I’ve just started through the study…I’m converting the pdf to have my Kindle read it to me on a commute, of course. 😉 

It’s a study from the University of California at San Diego about information consumption.   It’s by Roger E. Bohn and James E. Short. 

They say: 

“U.S. households in 2008 spent about 5 percent of their information time reading newspapers, magazines and books, which have declined in readership over the last fifty years.” 

 However, they say that reading itself has increased.  

They also say: 


“Printed books – on which Americans spent barely 2 percent of their information time, and 4 percent of words – may someday be displaced by digital devices such as the Amazon Kindle, but the electronic book platforms had more potential than actual readers in 2008. Yet, in many ways electronic documents have already taken over for paper…”

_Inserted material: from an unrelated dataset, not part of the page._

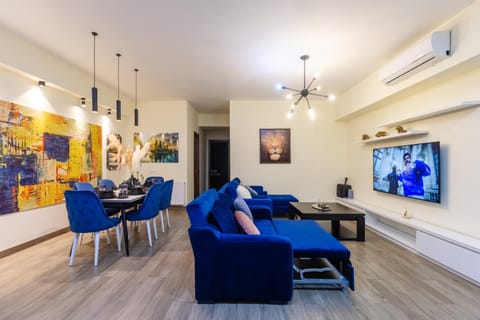Communal lounge/ TV room, TV and multimedia, Living room, Decorative detail, Seating area, Evening entertainment, air conditioner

Looks like a great study!   I’ll let you know more when I’ve had a chance to go through it thoroughly. 

You can get it here.

On any Kindle except a Kindle one, you can download the pdf and just put it right into your Kindle’s documents folder, if you want.  I prefer being able to enlarge the text and use the text-to-speech, so I’m sending it for conversion to my free Kindle address (by putting the word “convert” in the subject line).  More on that in this previous post.  It’s possible it won’t be converted if it has security, but we’ll see.

This post by Bufo Calvin first appeared in the I Love My Kindle blog.

2 Responses to “Flash! According to UCSD, reading is UP!”

  1. Al Says:

    That report is unlikely to be useable on the converted version for the Kindle. The PDF is loaded with graphs, pictures, dual columns and other stuff that normally doesn’t translate well. It is not so large that it cannot be read on your computer however. If I remember, only 37 pages.

    • bufocalvin Says:

      Thanks for writing, Al!

      Actually, I’ve enjoyed listening to it on the commute. It does take a bit of mental discipline, since the captions for those images get stuck in the middle of the main text. I plan to look at the graphics on a computer after I’ve gone through the report.

      I’ve never been a big one for graphics…I used to drive my subordinates nuts when they would bring me an Excel graph on which they’d worked for hours, and I’d ask them to just give me the numbers instead. I am a little disappointed when people don’t provide a table under the graphic with the numbers for people who prefer that…but I know that’s not typical.